Remarks at the Tree Dedication in Honor of Raoul Wallenberg
Thank you, Mr. Ambassador, for that kind introduction. It is truly an honor for me to be here today, on this 100th anniversary of Raoul Wallenberg's birth, to dedicate this tree and to be in the company of Mr. Wallenberg’s sister, Nina Lagergren, and Kate Wacz, one of the many to whom Wallenberg gave the gift of life. I am also honored to join the Speaker of the Swedish Parliament, Per Westerberg, Ambassador Jan Eliasson, and State Secretary Belfrage.
During World War II, Raoul Wallenberg could have chosen to live a life of comfort and safety with his loving family. Instead, he risked his life to save the lives of others. Raoul Wallenberg paid dearly for his brave choice and his actions speak to the core of our common humanity. As Americans, we are deeply grateful that Wallenberg said ‘yes’ when the United States War Refugee Board approached him on the idea of traveling to Budapest to try and save the largest remaining concentration of Jews in Europe. Amid so many missteps in responding to the Holocaust, encouraging Wallenberg to go to Hungary was one of the things we did right.
We return, decades later, to Wallenberg because his actions show timeless courage and a powerful and continuing relevance to the world we face today. They embody the democratic values that the United States and Sweden share. They embody the courage of the individual, of the dissenter, of the independent moral conscience in a world full of wrongs, of the hero who sees injustice and takes action. Wallenberg gave his life for his commitment to those values.
Wallenberg was a son of Sweden, but also a friend of America. We are honored to consider him one of our own – adding one more to the many ties that bind our nations together. The United States and Sweden work together with a shared mission of advancing human dignity and protecting universal rights around the world. Together, we supported the countries of Central and Eastern Europe as they made the impressive journey to become stable and prosperous members of the EU and NATO. Together we are supporting the people of the Middle East who are working to leave behind a history of oppression to create a future of economic hope, political freedom and human dignity.
Raoul Wallenberg’s life-giving legacy reminds us of a question that we should all be asking, amidst the daily business and the pull of our national interests: How do we ensure that every individual – regardless of race or religion – is able to live a life of freedom, a life with dignity and respect? How do we prevent the sins of history and our past failures to stop mass killings of civilians, from being repeated? How do we pass on to the next generation a sense of the importance of not being indifferent?
In seeking answers, we are fortunate to have as tireless a partner and as steadfast a friend as Sweden.

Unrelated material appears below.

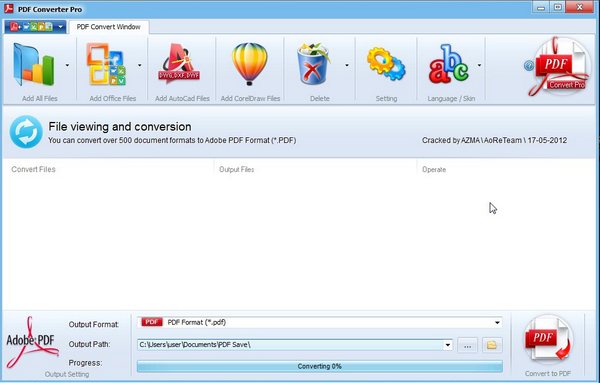 Portable PDF Converter Pro 12.00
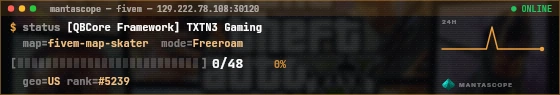 Console badge preview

It is striking that, while he trained as an architect, Wallenberg left no building behind. Instead he left behind a legacy much more enduring than any physical structure or any physical monument. Today, the granddaughters and grandsons of those whom Wallenberg saved are building a better world as doctors and scientists, mothers and fathers, farmers, teachers, and legislators.
Among them is the late Tom Lantos, who championed human rights around the world from inside the United States Congress, and his grandson, Tomicah Tillemann, who is Secretary Clinton’s Senior Advisor for Civil Society.
Thus it is fitting that so many of the lives he saved, and the generations that followed, are being devoted to public service, promoting freedom, and defending those too powerless to defend themselves. To quote an old hymn, these deeds will his memorial be.
Today, in dedicating this Horse Chestnut tree, we remember Raoul Wallenberg, we show our gratitude, and we reaffirm our commitment to the legacy of humanitarian work that continues in this name. And we reaffirm, together once again, the importance of not being indifferent. Thank you.